1

How do I parse a log file (not a full xml file, but it has some portion of xml data) for ExtData tags, which has some name-value pair, I need to mask it like this : For eg:

<ExtData>Name="Jason" Value="Special"</ExtData>
to
<ExtData>Name="Jason" Value="XXXXXXX"</ExtData>

I need to mask ExtData tag value like above only when Name is Jason or some set of name, and not for every Name.

For eg: if "DummyName" is not in set of names, than I do not want to change this below line.

<ExtData>Name="DummyName" Value="Garbage"</ExtData>

For eg: if "DummyName" is not in set of names, than I do not want to change this below line. (Please note that the value is "Jason")
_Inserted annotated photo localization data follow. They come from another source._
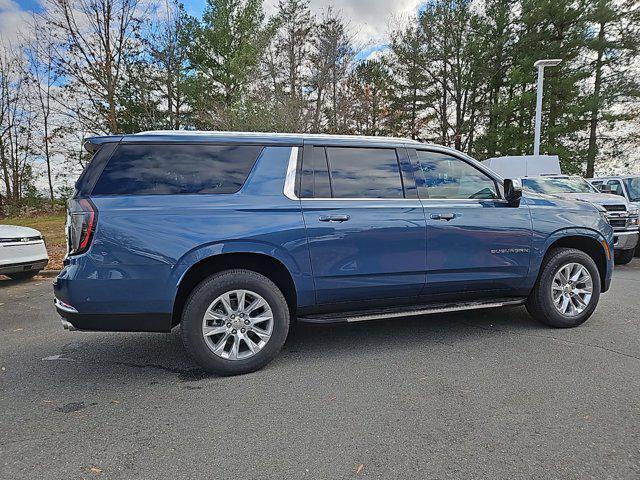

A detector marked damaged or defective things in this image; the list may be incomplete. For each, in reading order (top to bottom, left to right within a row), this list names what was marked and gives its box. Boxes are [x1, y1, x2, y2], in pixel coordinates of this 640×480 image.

pavement crack [462, 322, 636, 360]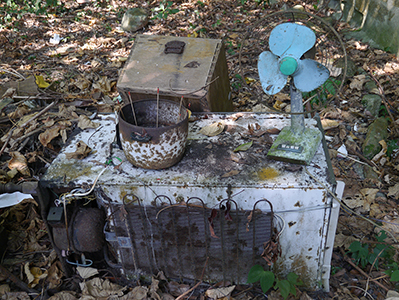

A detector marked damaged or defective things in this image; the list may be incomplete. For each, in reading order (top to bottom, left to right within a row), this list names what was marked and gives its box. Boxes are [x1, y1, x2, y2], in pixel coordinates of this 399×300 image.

rusty metal surface [119, 98, 189, 169]
corroded pot [119, 98, 189, 169]
rusty metal surface [104, 196, 274, 282]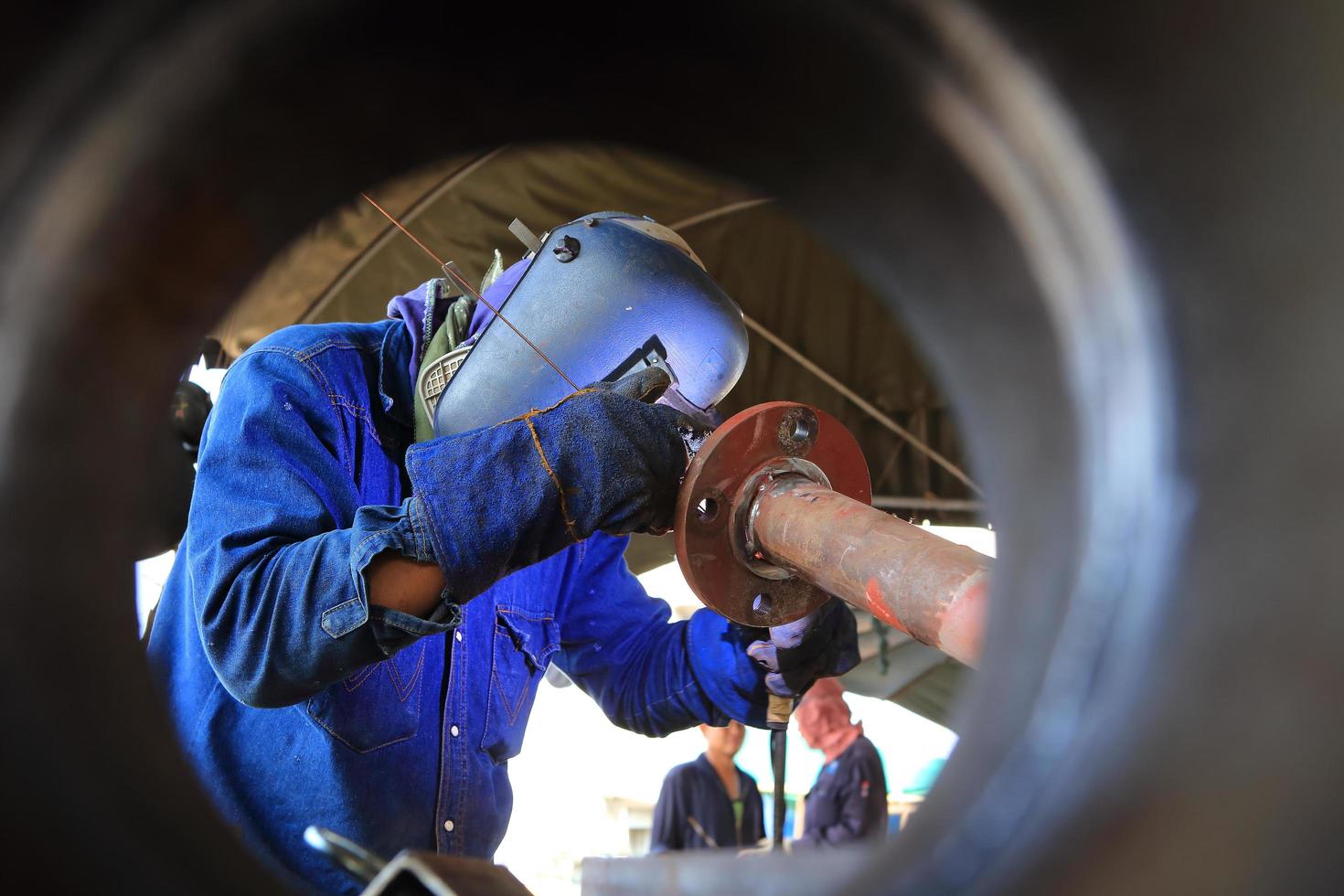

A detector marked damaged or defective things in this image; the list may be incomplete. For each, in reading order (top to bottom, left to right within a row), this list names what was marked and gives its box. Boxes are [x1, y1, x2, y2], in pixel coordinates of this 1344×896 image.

rusty pipe [752, 475, 994, 666]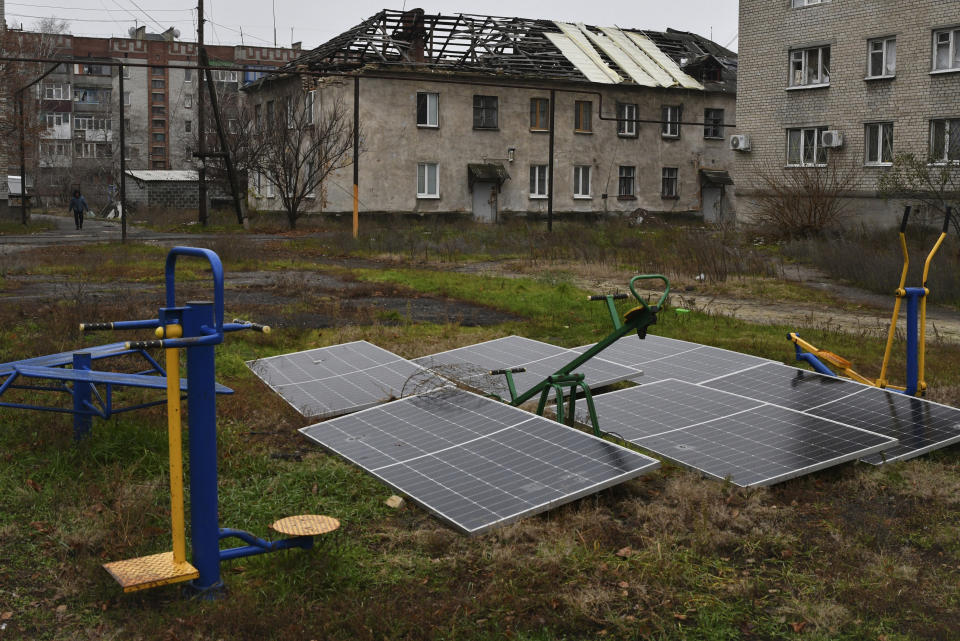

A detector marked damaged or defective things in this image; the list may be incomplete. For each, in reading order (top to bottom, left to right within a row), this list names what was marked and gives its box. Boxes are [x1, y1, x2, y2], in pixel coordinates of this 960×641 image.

broken roof [284, 7, 736, 91]
damaged roof [284, 8, 736, 91]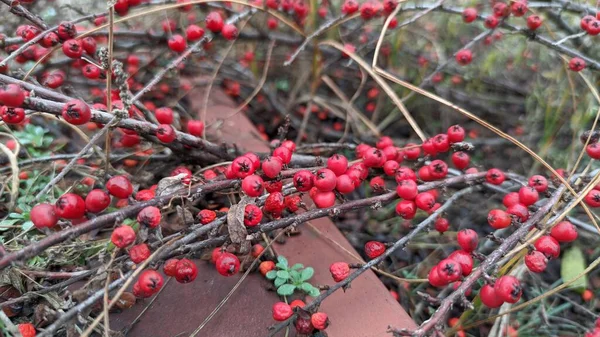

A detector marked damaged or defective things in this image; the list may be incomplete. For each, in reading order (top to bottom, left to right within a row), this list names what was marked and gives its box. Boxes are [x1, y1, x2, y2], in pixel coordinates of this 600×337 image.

rusty metal surface [109, 88, 418, 334]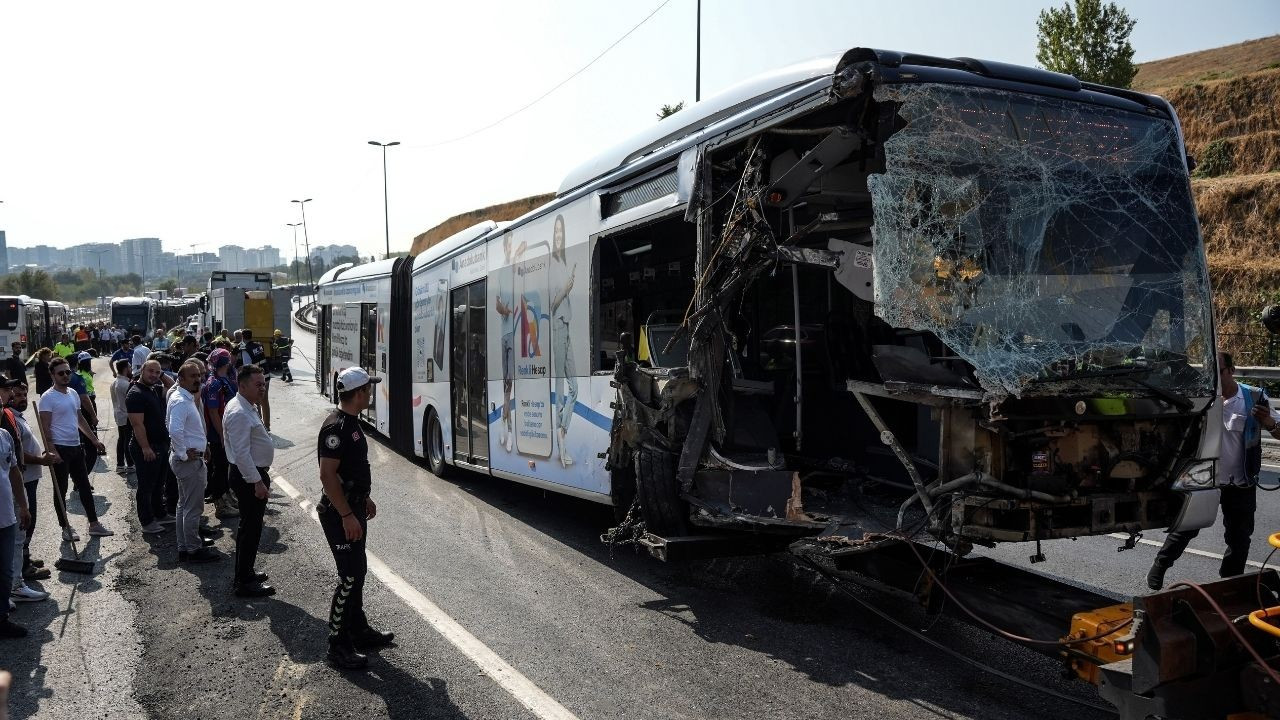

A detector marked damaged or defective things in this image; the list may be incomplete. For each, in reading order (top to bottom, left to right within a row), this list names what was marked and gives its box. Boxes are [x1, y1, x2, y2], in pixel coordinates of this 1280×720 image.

exposed bus engine compartment [604, 51, 1213, 556]
wrecked articulated bus [601, 47, 1218, 558]
torn bus bodywork [601, 49, 1218, 556]
shattered windshield [870, 83, 1208, 399]
cracked glass windshield [865, 83, 1213, 399]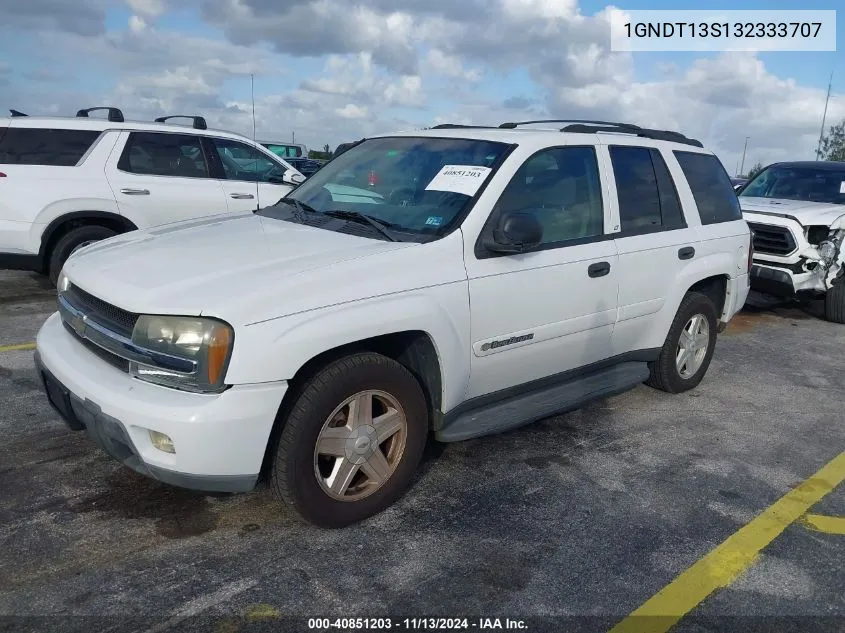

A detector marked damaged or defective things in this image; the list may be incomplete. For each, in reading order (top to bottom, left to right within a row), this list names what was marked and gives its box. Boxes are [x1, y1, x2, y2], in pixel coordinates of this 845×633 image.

damaged white pickup truck [740, 160, 844, 324]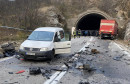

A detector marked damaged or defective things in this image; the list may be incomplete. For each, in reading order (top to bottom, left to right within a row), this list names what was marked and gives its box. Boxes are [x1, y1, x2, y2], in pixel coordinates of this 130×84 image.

damaged white van [18, 26, 70, 59]
crashed car [18, 26, 70, 59]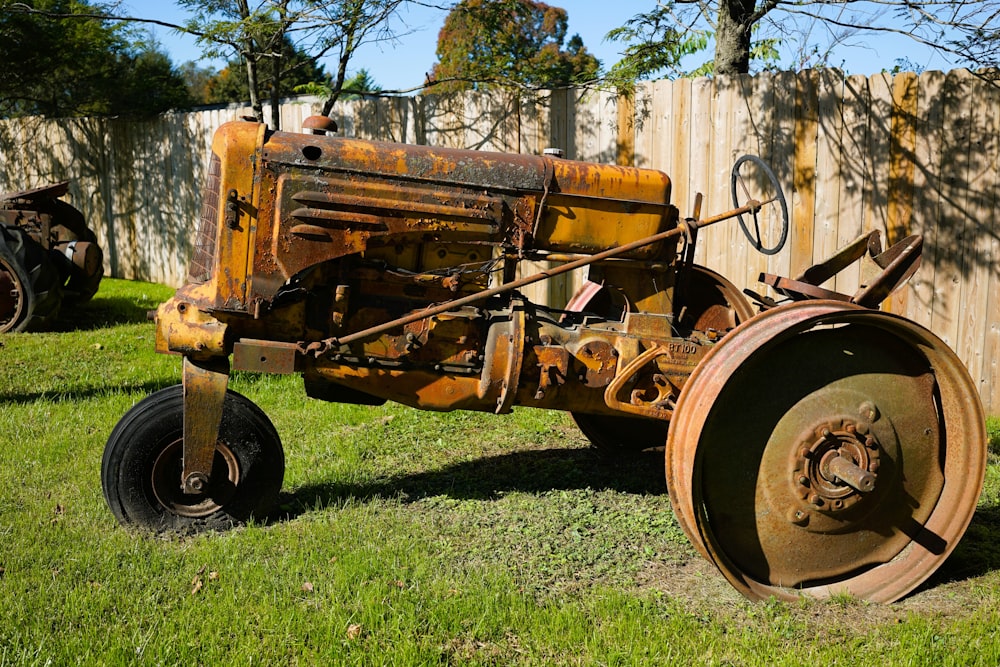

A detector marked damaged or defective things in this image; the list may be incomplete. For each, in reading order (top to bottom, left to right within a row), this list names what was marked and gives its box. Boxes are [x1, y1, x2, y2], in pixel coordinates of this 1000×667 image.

rusted tractor [0, 181, 104, 332]
second rusty machine [99, 116, 984, 604]
rusted tractor [103, 118, 984, 604]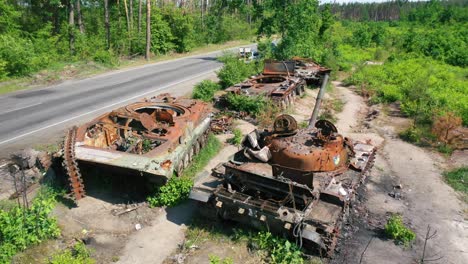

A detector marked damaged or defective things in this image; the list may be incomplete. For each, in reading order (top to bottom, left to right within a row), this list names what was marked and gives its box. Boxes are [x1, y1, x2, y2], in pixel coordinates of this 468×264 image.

rusted tank turret [61, 95, 211, 200]
damaged armored vehicle [61, 95, 211, 200]
burnt tank hull [61, 95, 211, 200]
rusted tank turret [188, 114, 374, 255]
burnt tank hull [188, 116, 374, 256]
damaged armored vehicle [190, 114, 376, 256]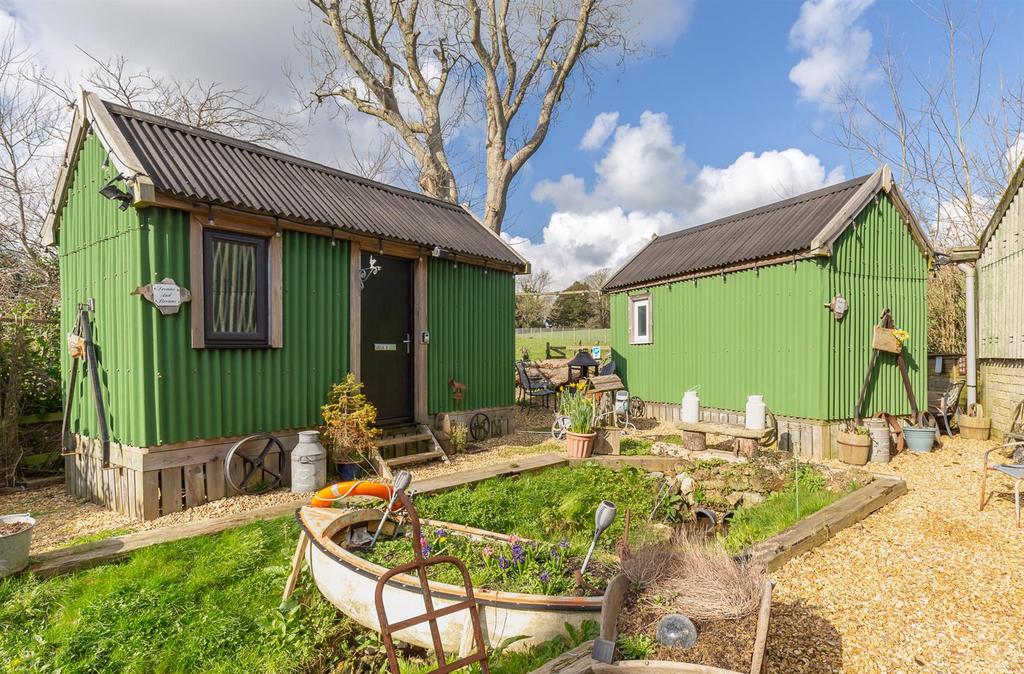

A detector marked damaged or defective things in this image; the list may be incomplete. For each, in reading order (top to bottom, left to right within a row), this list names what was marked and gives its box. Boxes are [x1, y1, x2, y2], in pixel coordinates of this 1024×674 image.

rusty wagon wheel [468, 409, 489, 440]
rusty wagon wheel [225, 430, 284, 493]
rusty metal frame [374, 487, 489, 671]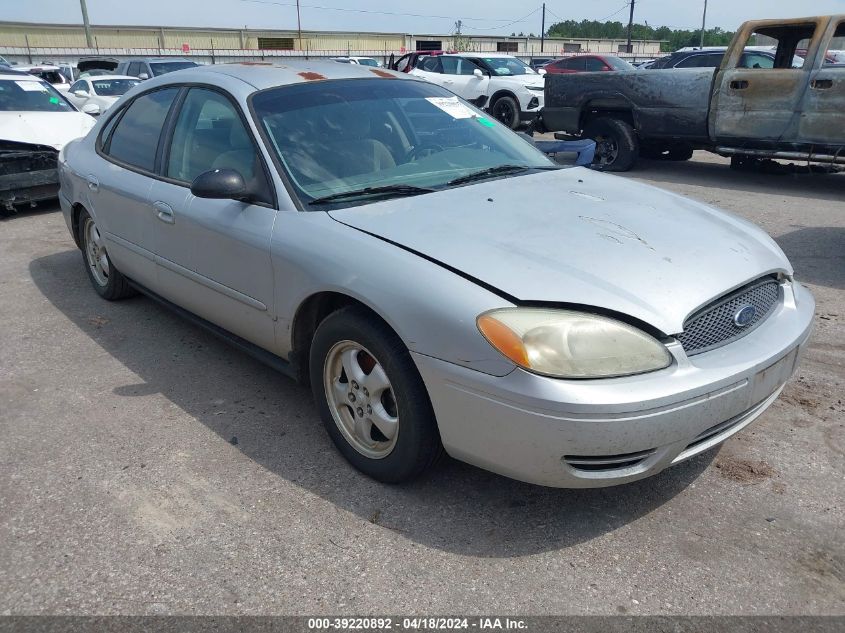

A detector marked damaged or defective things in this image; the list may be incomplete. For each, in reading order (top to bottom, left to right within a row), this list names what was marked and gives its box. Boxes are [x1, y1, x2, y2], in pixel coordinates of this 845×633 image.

damaged pickup truck [0, 68, 95, 212]
damaged pickup truck [540, 14, 844, 172]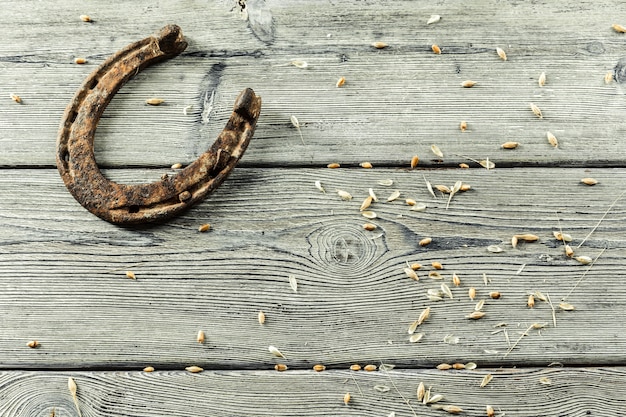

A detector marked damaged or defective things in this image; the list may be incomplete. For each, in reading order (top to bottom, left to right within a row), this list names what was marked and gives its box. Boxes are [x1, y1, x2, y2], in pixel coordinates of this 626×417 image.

rusted metal surface [55, 24, 260, 226]
rusty horseshoe [58, 25, 260, 224]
<ExtData>Name="DummyName" Value="Jason"</ExtData>

For eg: if "DummyJasonName" is not in set of names, than I do not want to change this below line. (Note "Jason" in between "Dummy" and "Name")

<ExtData>Name="DummyJasonName" Value="Garbage"</ExtData>

I need to do all this in bash/shell script.

Bottom line is, I want to read a file, say, via sed/awk/match command. Check for ExtData tag in the line. If matched, Read the text between ExtData tag and /ExtData tag. In this multiline text, extract Name. If Name is from a set of names, then mask its corresponding "Value" data with equal number of 'X'.

Please let me know how to achieve the above task.

Update, the input line can actually span over multiple lines.

<ExtData>Name="Jason" 
Value="Special"
    </ExtData>

Or like this too:

<ExtData>
     Name="Jason" 
  Value="Special"
    </ExtData>

Thanks !! Puneet

Puneet Jain
  • 97
  • 1
  • 10

2 Answers2

1

In a bash shell, you can create a copy of the file with the info removed using this

sed 's#\(<ExtData>Name="Jason" Value="\).*\("</ExtData>\)#\1XXXXX\2#' xml.txt > xml_xxx.txt

Note that it's not the "official" way to change a xml file. Lots of format changes could occur that would render this script useless, but if you know that your XML file has 1 info per line formatted like that, it will work, exactly like for a text file and it's quick.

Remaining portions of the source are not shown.